[RFC,0/2] seccomp: Split set filter into two steps

Message ID	20231003083836.100706-1-hengqi.chen@gmail.com (mailing list archive)
Headers	show Received: from lindbergh.monkeyblade.net (lindbergh.monkeyblade.net [23.128.96.19]) (using TLSv1.2 with cipher ECDHE-RSA-AES256-GCM-SHA384 (256/256 bits)) (No client certificate requested) by smtp.subspace.kernel.org (Postfix) with ESMTPS id 8A3B13FC2 for <bpf@vger.kernel.org>; Tue, 3 Oct 2023 08:44:08 +0000 (UTC) From: Hengqi Chen <hengqi.chen@gmail.com> To: linux-kernel@vger.kernel.org, bpf@vger.kernel.org Cc: keescook@chromium.org, luto@amacapital.net, wad@chromium.org, alexyonghe@tencent.com, hengqi.chen@gmail.com Subject: [RFC PATCH 0/2] seccomp: Split set filter into two steps Date: Tue, 3 Oct 2023 08:38:34 +0000 Message-Id: <20231003083836.100706-1-hengqi.chen@gmail.com> Precedence: bulk MIME-Version: 1.0 Content-Transfer-Encoding: 8bit
Series	seccomp: Split set filter into two steps \| expand [RFC,0/2] seccomp: Split set filter into two steps [RFC,1/2] seccomp: Introduce SECCOMP_LOAD_FILTER operation [RFC,2/2] seccomp: Introduce SECCOMP_ATTACH_FILTER operation

Message ID

20231003083836.100706-1-hengqi.chen@gmail.com (mailing list archive)

Headers

From: Hengqi Chen <hengqi.chen@gmail.com>
To: linux-kernel@vger.kernel.org,
	bpf@vger.kernel.org
Cc: keescook@chromium.org,
	luto@amacapital.net,
	wad@chromium.org,
	alexyonghe@tencent.com,
	hengqi.chen@gmail.com
Subject: [RFC PATCH 0/2] seccomp: Split set filter into two steps
Date: Tue,  3 Oct 2023 08:38:34 +0000
Message-Id: <20231003083836.100706-1-hengqi.chen@gmail.com>
Precedence: bulk
MIME-Version: 1.0
Content-Transfer-Encoding: 8bit

Series

seccomp: Split set filter into two steps | expand

Message

Hengqi Chen Oct. 3, 2023, 8:38 a.m.
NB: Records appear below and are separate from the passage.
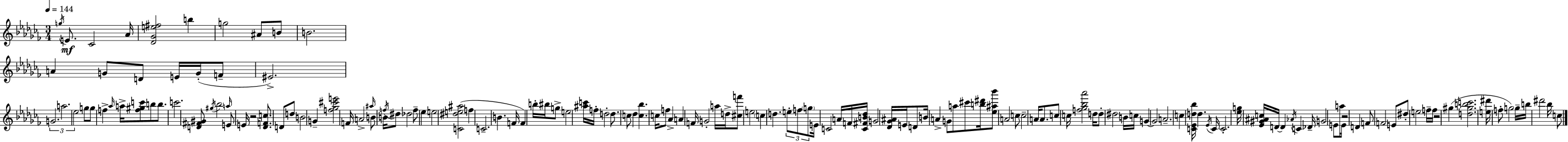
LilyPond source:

{
  \clef treble
  \numericTimeSignature
  \time 3/4
  \key aes \minor
  \tempo 4 = 144
  \acciaccatura { g''16 }\mf e'8. ces'2 | aes'16 <des' ges' e'' fis''>2 b''4 | g''2 ais'8 b'8 | b'2. | \break a'4 g'8 d'8 e'16 g'16-.( f'8-- | eis'2.->) | \tuplet 3/2 { g'2. | a''2. | \break ees''2 } g''8 g''8 | f''4-> \grace { aes''16 } a''16-> <f'' gis'' c'''>8 b''8 b''8. | c'''2. | <d' fis' gis'>8 \acciaccatura { gis''16 } bes''2 | \break \grace { a''16 } e'8 e'16 r2 | <des' f' c''>8. d'8 d''8 b'2 | g'4-- <f'' ges'' cis''' e'''>2 | f'16 a'2-> | \break \grace { ais''16 } b'8 b'16 \acciaccatura { f''16 } dis''8 des''2 | f''8-- ees''4 e''2 | <c' dis'' e'' ais''>2( | f''4 c'2.-- | \break b'4. | f'16 f'4) b''16-. bis''16 g''8-> e''2 | <ais'' c'''>16 f''16-. d''2-. | d''8. c''8 des''4 | \break <c'' bes''>4. c''16 f''8 aes'4-> | a'4 f'16 g'2-. | a''16 d''16-> <cis'' f'''>8 e''2 | \parenthesize c''4 d''4. | \break \tuplet 3/2 { e''8-. f''8 \parenthesize g''8 } e'16 c'2 | a'16 f'16 <c' fis' b' des''>16 g'2 | <des' ges' ais'>16 e'16 d'8 b'16 a'4-> g'8 | a''8 cis'''8 <b'' dis'''>16 <ees'' ais'' bes'''>8 a'2 | \break c''8 c''2-- | a'16 a'8. c''8 c''16 <f'' ges'' bes'' aes'''>2 | d''16 d''8-. dis''2 | b'16 c''16 g'4~~ g'2 | \break a'2.-- | c''4 <c' ees' d'' bes''>16 d''4. | \acciaccatura { ees'16 } c'16 c'2.-. | <ees'' g''>16 <ees' gis' ais' c''>16 d'16~~ d'4 | \break \acciaccatura { aes'16 } c'4 des'16-- g'2 | e'8 a''16 e'16 r2 | d'4 f'8 f'2 | e'8 dis''8-. e''2 | \break f''16-- f''16 r2 | gis''4( <d'' gis'' b'' c'''>2. | <e'' dis'''>16 f''8-. g''2) | g''16-- b''16 dis'''2 | \break bes''16 c''8 \bar "|."
}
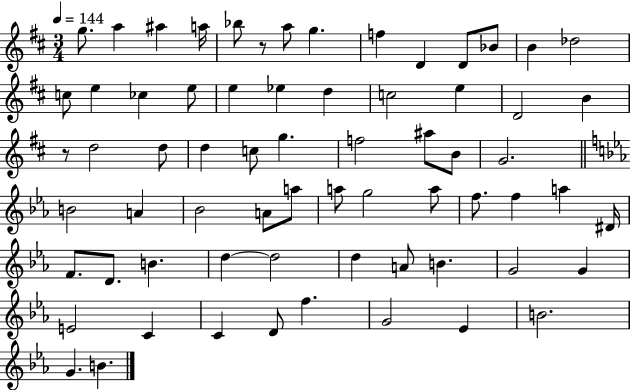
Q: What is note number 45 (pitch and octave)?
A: D#4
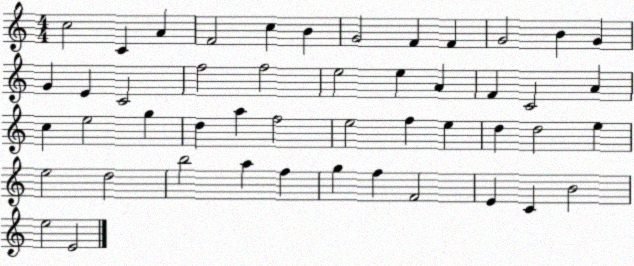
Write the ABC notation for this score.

X:1
T:Untitled
M:4/4
L:1/4
K:C
c2 C A F2 c B G2 F F G2 B G G E C2 f2 f2 e2 e A F C2 A c e2 g d a f2 e2 f e d d2 e e2 d2 b2 a f g f F2 E C B2 e2 E2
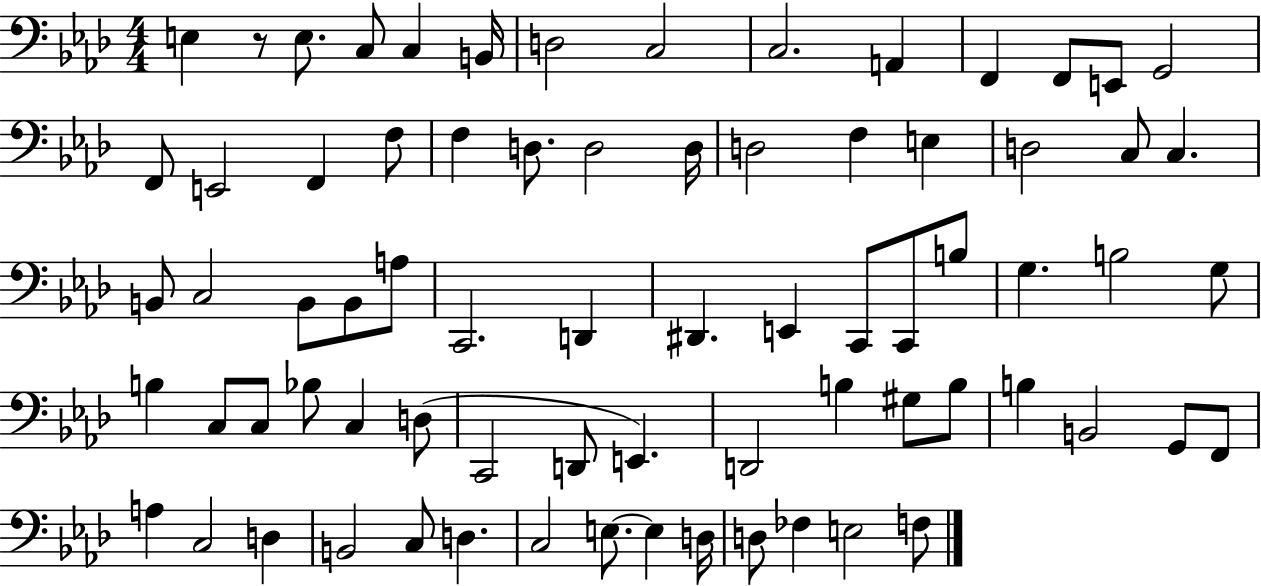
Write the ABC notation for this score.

X:1
T:Untitled
M:4/4
L:1/4
K:Ab
E, z/2 E,/2 C,/2 C, B,,/4 D,2 C,2 C,2 A,, F,, F,,/2 E,,/2 G,,2 F,,/2 E,,2 F,, F,/2 F, D,/2 D,2 D,/4 D,2 F, E, D,2 C,/2 C, B,,/2 C,2 B,,/2 B,,/2 A,/2 C,,2 D,, ^D,, E,, C,,/2 C,,/2 B,/2 G, B,2 G,/2 B, C,/2 C,/2 _B,/2 C, D,/2 C,,2 D,,/2 E,, D,,2 B, ^G,/2 B,/2 B, B,,2 G,,/2 F,,/2 A, C,2 D, B,,2 C,/2 D, C,2 E,/2 E, D,/4 D,/2 _F, E,2 F,/2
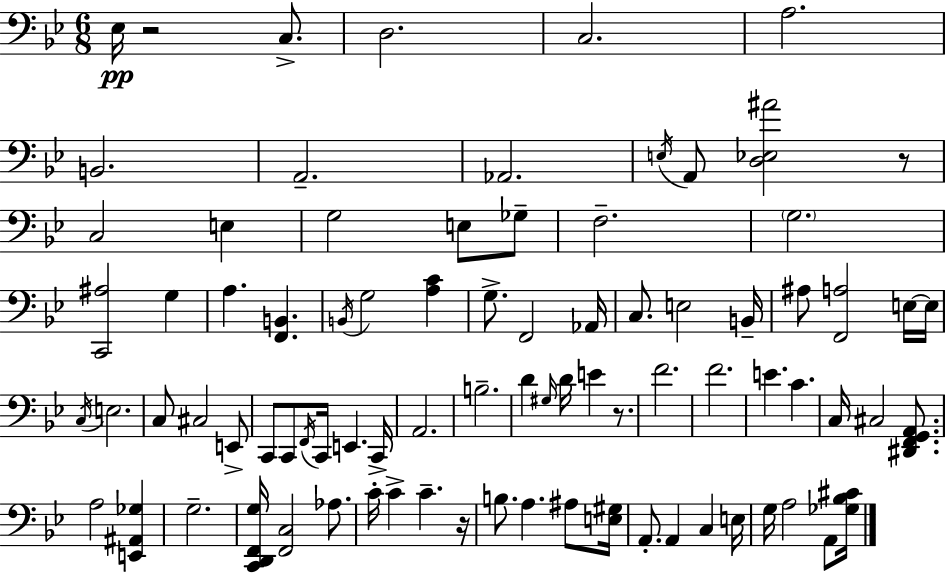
Eb3/s R/h C3/e. D3/h. C3/h. A3/h. B2/h. A2/h. Ab2/h. E3/s A2/e [D3,Eb3,A#4]/h R/e C3/h E3/q G3/h E3/e Gb3/e F3/h. G3/h. [C2,A#3]/h G3/q A3/q. [F2,B2]/q. B2/s G3/h [A3,C4]/q G3/e. F2/h Ab2/s C3/e. E3/h B2/s A#3/e [F2,A3]/h E3/s E3/s C3/s E3/h. C3/e C#3/h E2/e C2/e C2/e F2/s C2/s E2/q. C2/s A2/h. B3/h. D4/q G#3/s D4/s E4/q R/e. F4/h. F4/h. E4/q. C4/q. C3/s C#3/h [D#2,F2,G2,A2]/e. A3/h [E2,A#2,Gb3]/q G3/h. [C2,D2,F2,G3]/s [F2,C3]/h Ab3/e. C4/s C4/q C4/q. R/s B3/e. A3/q. A#3/e [E3,G#3]/s A2/e. A2/q C3/q E3/s G3/s A3/h A2/e [Gb3,Bb3,C#4]/s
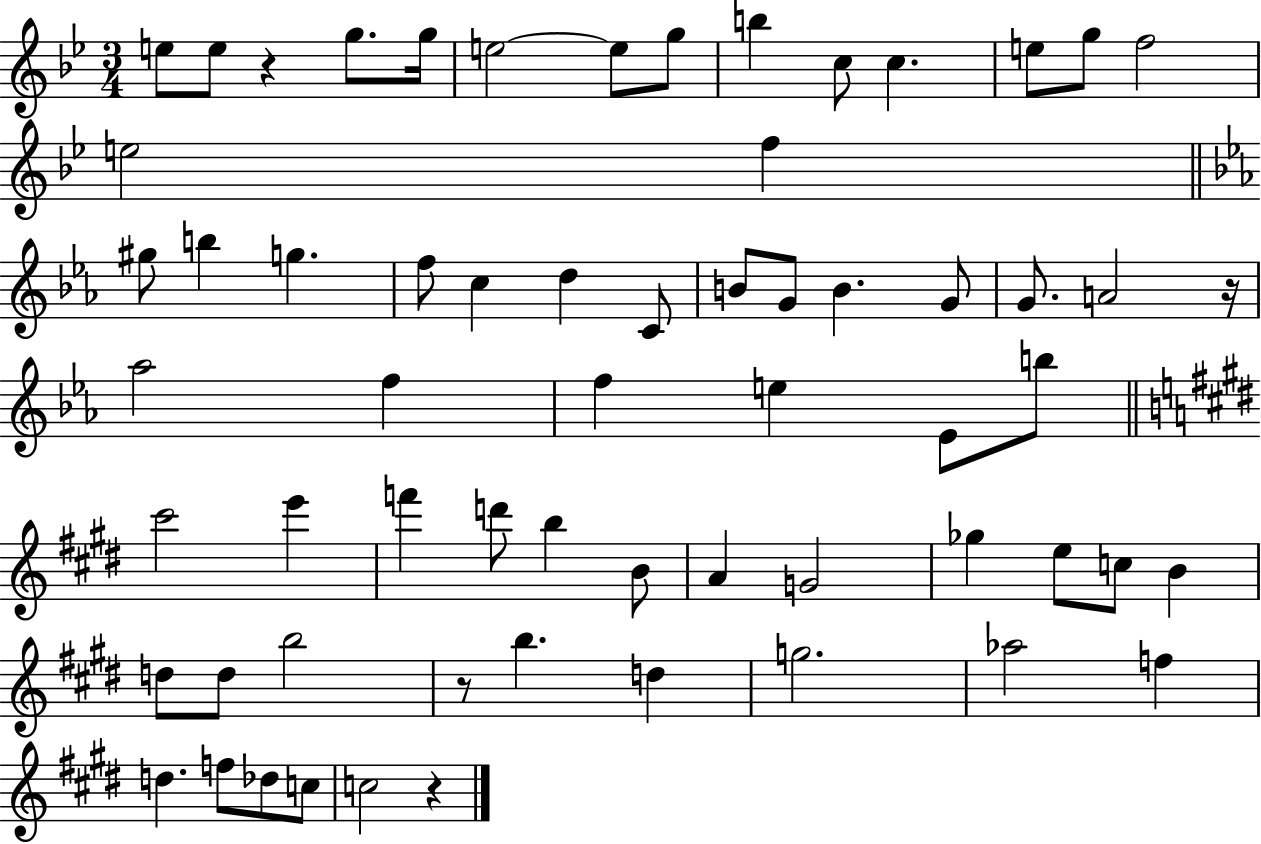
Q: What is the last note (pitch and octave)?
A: C5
UTC

This patchset introduces two new operations which essentially
splits the SECCOMP_SET_MODE_FILTER process into two steps:
SECCOMP_LOAD_FILTER and SECCOMP_ATTACH_FILTER.

The SECCOMP_LOAD_FILTER loads the filter and returns a fd
which can be pinned to bpffs. This extends the lifetime of the
filter and thus can be reused by different processes.
With this new operation, we can eliminate a hot path of JITing
BPF program (the filter) where we apply the same seccomp filter
to thousands of micro VMs on a bare metal instance.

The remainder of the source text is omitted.